**Requirement**
Where the listing below has a line with "Botiquín LED para", write out exactly that line and every line after it, stopping after the line with "Jack Spade Bleecker".

**Entries shown**
------------------------------------------------
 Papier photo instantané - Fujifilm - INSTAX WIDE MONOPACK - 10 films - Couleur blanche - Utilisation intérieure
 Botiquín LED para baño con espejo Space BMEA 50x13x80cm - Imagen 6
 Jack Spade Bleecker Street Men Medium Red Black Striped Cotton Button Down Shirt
------------------------------------------------
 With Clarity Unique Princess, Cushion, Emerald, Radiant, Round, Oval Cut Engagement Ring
------------------------------------------------
**Output for this task**
 Botiquín LED para baño con espejo Space BMEA 50x13x80cm - Imagen 6
 Jack Spade Bleecker Street Men Medium Red Black Striped Cotton Button Down Shirt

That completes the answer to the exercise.